• _Requirement_: Each entry below is to be transcribed exactly; pictures are not copied.

[Records from a collection]
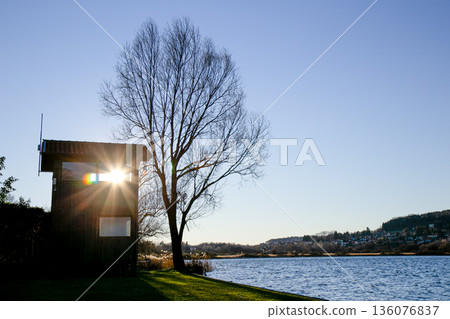 Soft light beam crossing an interior opening toward shimmering water Soft light beam crossing an interior opening toward shimmering water 136076837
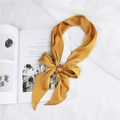 Close-up of bright yellow satin scarf tied in a bow on a white textured fabric background - Yellow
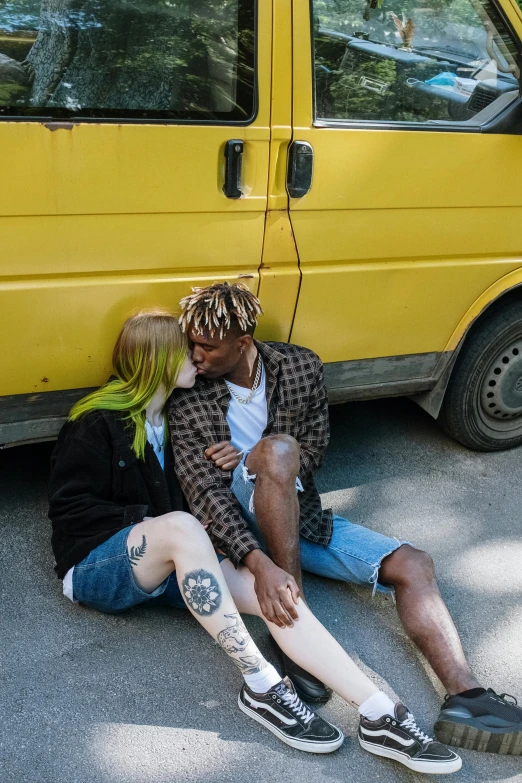 a man and a woman sitting next to a yellow van, inspired by Elsa Bleda, trending on pexels, renaissance, lesbian kiss, black man, yellow hair, split dye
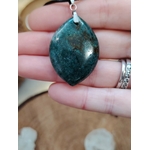 Pendentif agate mousse (goutte) sur cordon noir, gros plan en main ; pierre douce du chakra cœur, aide à relâcher le stress et à retrouver la sérénité.
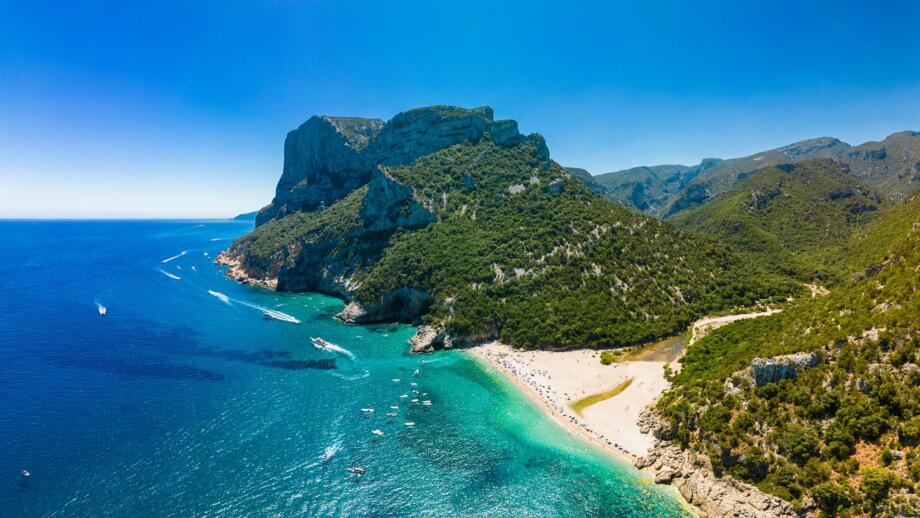 Panorama Blick auf den Strand von Cala Sisine im Golf von Orosei, grüne Landschaft mit Bergen und das türkis blaue Meer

• _Answer to this problem_:
 Soft light beam crossing an interior opening toward shimmering water Soft light beam crossing an interior opening toward shimmering water 136076837
 Close-up of bright yellow satin scarf tied in a bow on a white textured fabric background - Yellow
 a man and a woman sitting next to a yellow van, inspired by Elsa Bleda, trending on pexels, renaissance, lesbian kiss, black man, yellow hair, split dye
 Pendentif agate mousse (goutte) sur cordon noir, gros plan en main ; pierre douce du chakra cœur, aide à relâcher le stress et à retrouver la sérénité.
 Panorama Blick auf den Strand von Cala Sisine im Golf von Orosei, grüne Landschaft mit Bergen und das türkis blaue Meer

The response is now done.